Under capitalism, the colonization of space means the destruction of Earth
In February 2022, the Adam Smith Institute published a report claiming that the Moon should be privatized to help wipe out poverty on Earth. According to the report, the Moon should be divided into parcels of land and assigned to various countries to rent out to businesses, which would boost space tourism, exploration, and discovery.
For now, thankfully, there is a treaty that stands in the way of such plans. The Outer Space Treaty was drawn up by the United Nations in 1967 with the idea to ban countries and individuals from owning property in space. It also forbids the militarization of outer space and bans weapons testing and military bases there.

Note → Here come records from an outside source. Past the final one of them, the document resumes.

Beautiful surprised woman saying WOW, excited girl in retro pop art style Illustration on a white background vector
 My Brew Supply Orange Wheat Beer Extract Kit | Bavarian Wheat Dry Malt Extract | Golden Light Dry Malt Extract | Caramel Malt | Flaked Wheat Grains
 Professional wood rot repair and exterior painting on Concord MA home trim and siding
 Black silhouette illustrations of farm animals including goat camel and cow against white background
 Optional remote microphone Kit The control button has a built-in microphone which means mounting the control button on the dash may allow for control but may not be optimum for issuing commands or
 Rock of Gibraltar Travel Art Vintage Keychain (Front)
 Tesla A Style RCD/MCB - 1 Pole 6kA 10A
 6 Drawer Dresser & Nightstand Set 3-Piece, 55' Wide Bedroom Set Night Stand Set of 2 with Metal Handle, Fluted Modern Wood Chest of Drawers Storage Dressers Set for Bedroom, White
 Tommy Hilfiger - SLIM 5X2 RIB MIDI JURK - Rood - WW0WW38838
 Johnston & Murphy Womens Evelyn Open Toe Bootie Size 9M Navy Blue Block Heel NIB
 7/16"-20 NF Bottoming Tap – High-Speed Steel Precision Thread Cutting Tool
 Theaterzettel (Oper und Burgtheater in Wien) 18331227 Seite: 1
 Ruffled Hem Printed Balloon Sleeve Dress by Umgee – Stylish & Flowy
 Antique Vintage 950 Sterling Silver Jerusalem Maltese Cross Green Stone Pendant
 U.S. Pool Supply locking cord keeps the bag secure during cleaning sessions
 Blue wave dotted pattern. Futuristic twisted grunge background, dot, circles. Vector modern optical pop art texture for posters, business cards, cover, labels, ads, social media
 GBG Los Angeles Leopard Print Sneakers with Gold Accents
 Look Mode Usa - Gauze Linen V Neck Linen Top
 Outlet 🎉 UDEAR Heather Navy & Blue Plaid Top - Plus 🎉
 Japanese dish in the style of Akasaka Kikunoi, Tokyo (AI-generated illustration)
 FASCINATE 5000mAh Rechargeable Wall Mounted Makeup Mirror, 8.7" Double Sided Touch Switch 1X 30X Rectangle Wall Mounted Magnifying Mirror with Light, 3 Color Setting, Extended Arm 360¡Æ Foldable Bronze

The Adam Smith Institute maintains, however, that “with more countries and companies competing in the space race than ever before it’s vital for us to move past the outdated thinking of the 1960s and tackle the question of extraterrestrial property rights sooner than later.”
To some extent, this view is already a reality. In 2020, NASA launched an effort to allow companies to mine resources, announcing it would support private extraction of resources from the Moon.
“That is one small step for space resources, but a giant leap for policy and precedent,” said Mike Gold, NASA’s former chief of international relations, summing up the new frontier of capitalism. In the meantime, similar legislation allowing privatization of extraterrestrial resources is being introduced in Luxembourg, India, China, Japan, and Russia.
Also in 2020, NASA changed its policy to allow private astronauts to go on the International Space Station. In April 2022, the first all-private team of astronauts began a weeklong mission hailed as a “milestone in commercial spaceflight.” Similarly, Elon Musk’s SpaceX and Jeff Bezos’s Blue Origin have been launching their own private flights to space.
In short, the commercialization and privatization of space is accelerating. Space tourism, asteroid mining, and internet from satellites space are no longer science fiction. They have become a potential source for “future growth” and “progress.” [Continue reading…]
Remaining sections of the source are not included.